• _Assignment_: Without skipping anything, print all of the data exactly.

• _Data items_:

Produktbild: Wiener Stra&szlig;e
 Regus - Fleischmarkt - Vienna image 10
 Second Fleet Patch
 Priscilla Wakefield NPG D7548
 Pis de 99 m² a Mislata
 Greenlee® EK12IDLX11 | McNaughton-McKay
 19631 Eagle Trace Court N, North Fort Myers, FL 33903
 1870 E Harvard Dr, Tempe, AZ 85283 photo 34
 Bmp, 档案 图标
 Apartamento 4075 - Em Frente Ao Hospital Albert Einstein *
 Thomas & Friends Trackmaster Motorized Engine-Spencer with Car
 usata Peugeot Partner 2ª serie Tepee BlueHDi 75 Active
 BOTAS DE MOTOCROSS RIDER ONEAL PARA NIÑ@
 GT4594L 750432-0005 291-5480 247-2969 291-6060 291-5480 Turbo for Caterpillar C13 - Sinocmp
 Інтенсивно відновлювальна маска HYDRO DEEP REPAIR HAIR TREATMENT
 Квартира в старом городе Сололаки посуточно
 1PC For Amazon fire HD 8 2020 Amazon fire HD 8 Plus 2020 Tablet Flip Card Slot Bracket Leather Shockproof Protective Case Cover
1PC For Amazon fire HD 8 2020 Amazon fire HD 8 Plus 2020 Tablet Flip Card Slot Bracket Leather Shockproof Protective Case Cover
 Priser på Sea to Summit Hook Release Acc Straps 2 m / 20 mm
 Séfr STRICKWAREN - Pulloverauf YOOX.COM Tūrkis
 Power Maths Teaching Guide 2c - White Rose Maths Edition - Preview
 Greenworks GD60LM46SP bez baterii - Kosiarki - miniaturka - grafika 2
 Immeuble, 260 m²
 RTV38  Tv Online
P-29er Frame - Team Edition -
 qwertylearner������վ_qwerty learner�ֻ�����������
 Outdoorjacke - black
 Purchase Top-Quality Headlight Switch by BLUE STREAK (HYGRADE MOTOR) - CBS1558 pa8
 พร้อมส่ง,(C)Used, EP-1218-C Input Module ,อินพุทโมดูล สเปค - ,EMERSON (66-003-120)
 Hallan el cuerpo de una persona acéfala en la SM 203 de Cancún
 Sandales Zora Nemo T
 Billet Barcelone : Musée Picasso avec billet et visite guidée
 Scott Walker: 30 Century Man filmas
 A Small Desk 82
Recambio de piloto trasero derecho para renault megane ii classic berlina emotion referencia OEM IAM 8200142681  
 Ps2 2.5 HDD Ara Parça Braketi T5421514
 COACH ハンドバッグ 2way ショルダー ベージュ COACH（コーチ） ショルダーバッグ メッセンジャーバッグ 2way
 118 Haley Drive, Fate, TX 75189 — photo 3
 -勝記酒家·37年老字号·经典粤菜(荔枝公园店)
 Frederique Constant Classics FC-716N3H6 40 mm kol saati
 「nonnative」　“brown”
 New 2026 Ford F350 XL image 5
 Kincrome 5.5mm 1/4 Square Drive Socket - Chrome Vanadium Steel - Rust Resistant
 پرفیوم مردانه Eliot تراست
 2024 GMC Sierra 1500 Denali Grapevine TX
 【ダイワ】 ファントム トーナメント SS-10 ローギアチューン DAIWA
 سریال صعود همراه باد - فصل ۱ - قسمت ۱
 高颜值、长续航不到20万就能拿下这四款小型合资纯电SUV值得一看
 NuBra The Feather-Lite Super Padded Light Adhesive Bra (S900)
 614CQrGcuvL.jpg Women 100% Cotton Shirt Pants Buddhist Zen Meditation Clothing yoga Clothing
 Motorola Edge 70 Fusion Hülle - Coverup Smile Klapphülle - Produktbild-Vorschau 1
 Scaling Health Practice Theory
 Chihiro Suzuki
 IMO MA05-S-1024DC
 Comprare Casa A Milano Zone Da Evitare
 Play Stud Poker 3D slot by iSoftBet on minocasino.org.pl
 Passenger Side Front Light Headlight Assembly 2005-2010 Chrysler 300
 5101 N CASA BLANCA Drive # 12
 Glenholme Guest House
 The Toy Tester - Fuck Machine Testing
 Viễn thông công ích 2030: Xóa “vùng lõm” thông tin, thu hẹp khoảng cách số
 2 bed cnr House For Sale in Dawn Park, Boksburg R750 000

• _Solved problem_:
Produktbild: Wiener Stra&szlig;e
 Regus - Fleischmarkt - Vienna image 10
 Second Fleet Patch
 Priscilla Wakefield NPG D7548
 Pis de 99 m² a Mislata
 Greenlee® EK12IDLX11 | McNaughton-McKay
 19631 Eagle Trace Court N, North Fort Myers, FL 33903
 1870 E Harvard Dr, Tempe, AZ 85283 photo 34
 Bmp, 档案 图标
 Apartamento 4075 - Em Frente Ao Hospital Albert Einstein *
 Thomas & Friends Trackmaster Motorized Engine-Spencer with Car
 usata Peugeot Partner 2ª serie Tepee BlueHDi 75 Active
 BOTAS DE MOTOCROSS RIDER ONEAL PARA NIÑ@
 GT4594L 750432-0005 291-5480 247-2969 291-6060 291-5480 Turbo for Caterpillar C13 - Sinocmp
 Інтенсивно відновлювальна маска HYDRO DEEP REPAIR HAIR TREATMENT
 Квартира в старом городе Сололаки посуточно
 1PC For Amazon fire HD 8 2020 Amazon fire HD 8 Plus 2020 Tablet Flip Card Slot Bracket Leather Shockproof Protective Case Cover
1PC For Amazon fire HD 8 2020 Amazon fire HD 8 Plus 2020 Tablet Flip Card Slot Bracket Leather Shockproof Protective Case Cover
 Priser på Sea to Summit Hook Release Acc Straps 2 m / 20 mm
 Séfr STRICKWAREN - Pulloverauf YOOX.COM Tūrkis
 Power Maths Teaching Guide 2c - White Rose Maths Edition - Preview
 Greenworks GD60LM46SP bez baterii - Kosiarki - miniaturka - grafika 2
 Immeuble, 260 m²
 RTV38  Tv Online
P-29er Frame - Team Edition -
 qwertylearner������վ_qwerty learner�ֻ�����������
 Outdoorjacke - black
 Purchase Top-Quality Headlight Switch by BLUE STREAK (HYGRADE MOTOR) - CBS1558 pa8
 พร้อมส่ง,(C)Used, EP-1218-C Input Module ,อินพุทโมดูล สเปค - ,EMERSON (66-003-120)
 Hallan el cuerpo de una persona acéfala en la SM 203 de Cancún
 Sandales Zora Nemo T
 Billet Barcelone : Musée Picasso avec billet et visite guidée
 Scott Walker: 30 Century Man filmas
 A Small Desk 82
Recambio de piloto trasero derecho para renault megane ii classic berlina emotion referencia OEM IAM 8200142681  
 Ps2 2.5 HDD Ara Parça Braketi T5421514
 COACH ハンドバッグ 2way ショルダー ベージュ COACH（コーチ） ショルダーバッグ メッセンジャーバッグ 2way
 118 Haley Drive, Fate, TX 75189 — photo 3
 -勝記酒家·37年老字号·经典粤菜(荔枝公园店)
 Frederique Constant Classics FC-716N3H6 40 mm kol saati
 「nonnative」　“brown”
 New 2026 Ford F350 XL image 5
 Kincrome 5.5mm 1/4 Square Drive Socket - Chrome Vanadium Steel - Rust Resistant
 پرفیوم مردانه Eliot تراست
 2024 GMC Sierra 1500 Denali Grapevine TX
 【ダイワ】 ファントム トーナメント SS-10 ローギアチューン DAIWA
 سریال صعود همراه باد - فصل ۱ - قسمت ۱
 高颜值、长续航不到20万就能拿下这四款小型合资纯电SUV值得一看
 NuBra The Feather-Lite Super Padded Light Adhesive Bra (S900)
 614CQrGcuvL.jpg Women 100% Cotton Shirt Pants Buddhist Zen Meditation Clothing yoga Clothing
 Motorola Edge 70 Fusion Hülle - Coverup Smile Klapphülle - Produktbild-Vorschau 1
 Scaling Health Practice Theory
 Chihiro Suzuki
 IMO MA05-S-1024DC
 Comprare Casa A Milano Zone Da Evitare
 Play Stud Poker 3D slot by iSoftBet on minocasino.org.pl
 Passenger Side Front Light Headlight Assembly 2005-2010 Chrysler 300
 5101 N CASA BLANCA Drive # 12
 Glenholme Guest House
 The Toy Tester - Fuck Machine Testing
 Viễn thông công ích 2030: Xóa “vùng lõm” thông tin, thu hẹp khoảng cách số
 2 bed cnr House For Sale in Dawn Park, Boksburg R750 000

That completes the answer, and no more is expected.